APWU to Launch Vigorous Campaign Against Plant Closures, Consolidations
June 30, 2014
The APWU today denounced plans by the Postal Service to resume the closure and consolidation of up to 82 mail processing plants beginning in January 2015.
“This is a direct assault on service to the people of the country, on postal workers and on the Postal Service’s own network,” said union President Mark Dimondstein. The closure of the plants will require the USPS to degrade service standards and delay mail.
“We need a Postmaster General who will champion the Postal Service. Instead, PMG Donahoe is on a rampage to destroy it,” he said.

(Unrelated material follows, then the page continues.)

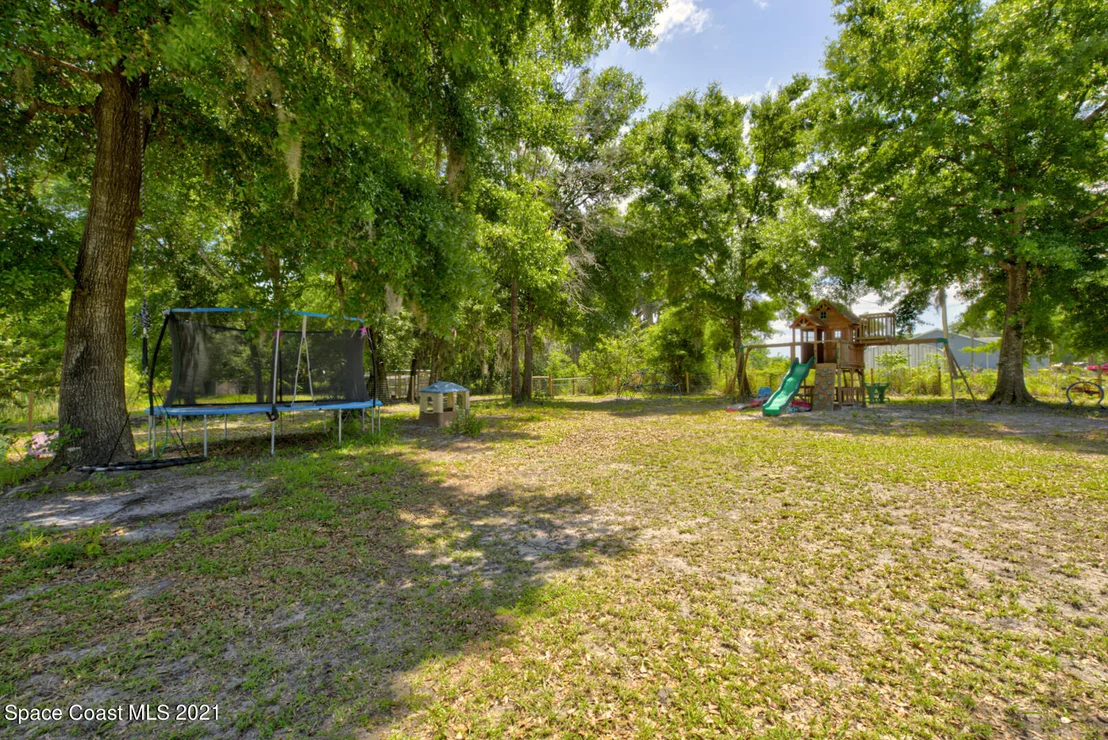 Photo of 6135 Dixie Way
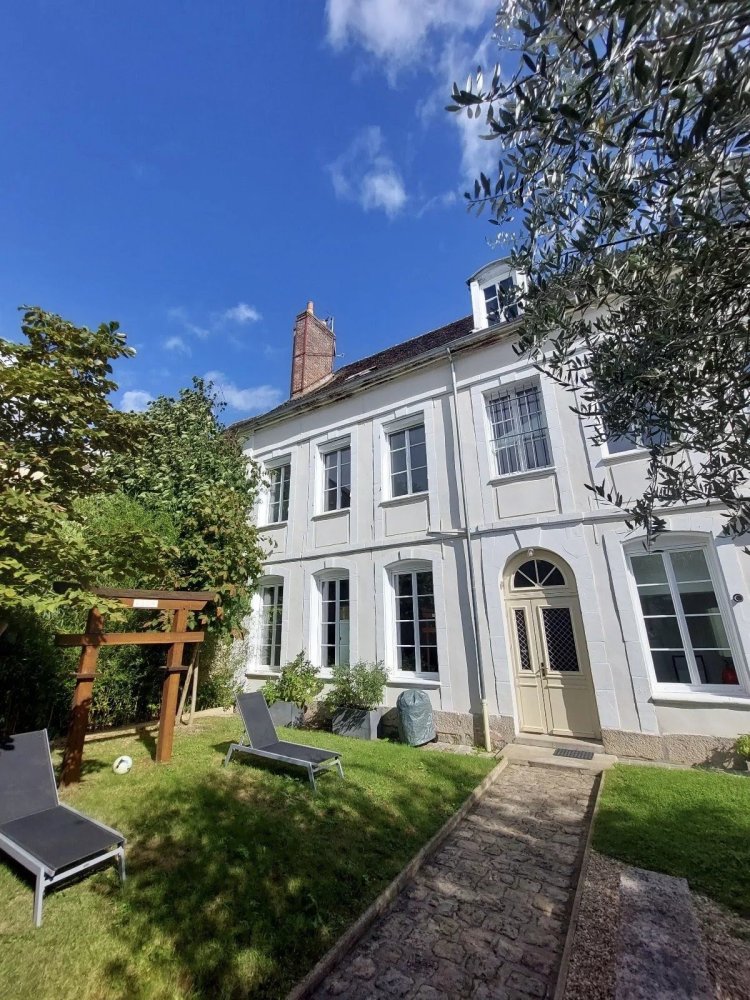 9-Zimmer Haus in Sens, France, Nr. 271304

Employees who are reassigned outside their installation are expected to move on Jan. 10, 2015, the USPS said in a June 30 letter to the APWU. Union leaders received the USPS letter via fax, just minutes before employees were informed of management’s plans.
Muster a Fight-Back
The APWU president vowed to work with other postal unions and the public “to muster a fight-back similar to our campaign to Stop Staples and the recent campaign to protect six-day mail delivery.” The House Appropriations Committee voted on June 25 to reinstate a provision requiring six-day mail delivery in a funding bill. A week earlier a House subcommittee had approved a bill that dropped – for the first time in more than three decades – the six-day delivery requirement.
The 82 facilities were among 242 sites targeted for closure in September 2011 and February 2012, and most of them went through partial consolidation in 2012 and 2013.
“These plants are suffering from last year’s hit,” said Executive Vice President Debby Szeredy. “Now the delays in mail delivery will become even longer, damaging service to individuals, small businesses, and mailers.
“Package deliveries, bills and bill payments, election materials, absentee ballots, wedding invitations and letters to family and friends will be adversely affected by this move,” she said.
Service standards were reduced July 1, 2012, and approximately 140 plants were consolidated in 2012 and 2013. In January 2014, the USPS posted a notice in the Federal Register notifying the public that it was postponing plans to further reduce service standards. Plants consolidations were also placed on hold.
Ignoring the Possibilities
The Postal Service claims the plant closures will generate $750 million in annual savings. “Yet he is ignoring a report by the USPS Office of Inspector General that says the Postal Service could generate $9 billion by offering basic financial services without any cuts to traditional postal service,” Szeredy said. “Something is wrong with this mentality.”
“The Postmaster General also neglects to mention that the USPS earned a profit from operations in fiscal year 2013 and in the first two quarters of 2014,” she added.
Donahoe claims that there have been steep declines in first-class mail, Szeredy pointed out, “yet he fails to tell the public that the USPS has already given away 60 percent of first-class mail processing to Pitney Bowes and other pre-sort houses.”
“The APWU headquarters will release a major battle plan to stop the consolidations and the attack on service because the future of the USPS depends on it,” the union vice president said.
“We will make this fight a nationwide campaign and ask all Americans to stand up and fight back.”
“Get ready for the crusade. We cannot sit back and let the PMG destroy our Postal Service,” she said.